At the time of the outbreak of the second South African War in 1899, Victoria had been queen for 62 years, and while initial British military setbacks in the first weeks of the war may have surprised her, they did not dent her faith in her soldiers: “We are not interested in the possibilities of defeat,” she is said to have remarked: “They do not exist.”
The Queen crocheted the scarves in her closing days, her eyesight weakening and her fingers fumbling with the crochet-hook. That she was even-handed in specifying their distribution – equally to British and Colonial troops – represented her appreciation of her soldiers’ efforts, no matter what their origin.
Four were given to soldiers of the Colonial forces and three of these are in the war museums of Australia, Canada and New Zealand. The location of the fourth is unknown.
Four were awarded to soldiers of the 2nd Brigade, 1st Division, of the British Army. Two may have been destroyed in a fire at the Surrey Infantry Museum in 2015, and the location of one is unknown.
The example offered by Spink’s was the only scarf known to survive in private hands.

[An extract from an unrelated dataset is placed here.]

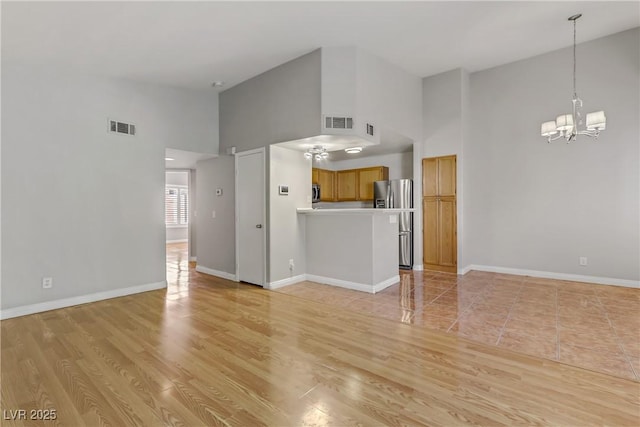 unfurnished living room featuring a notable chandelier, visible vents, baseboards, and high vaulted ceiling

Of light khaki wool, crocheted in a variant of the ‘ball pattern,’ approximately 8½ inches wide and 64 inches long, including four inches of woollen fringe at either end, the scarf had the Imperial Cypher ‘VRI’ embroidered in white silk, above which was sewn a cap badge of The Devonshire Regiment.
Expertly pitched by Spink’s at £8000-£12,000, and sold with various medals, honours and a quantity of supporting documentation, the scarf sold for £13,000.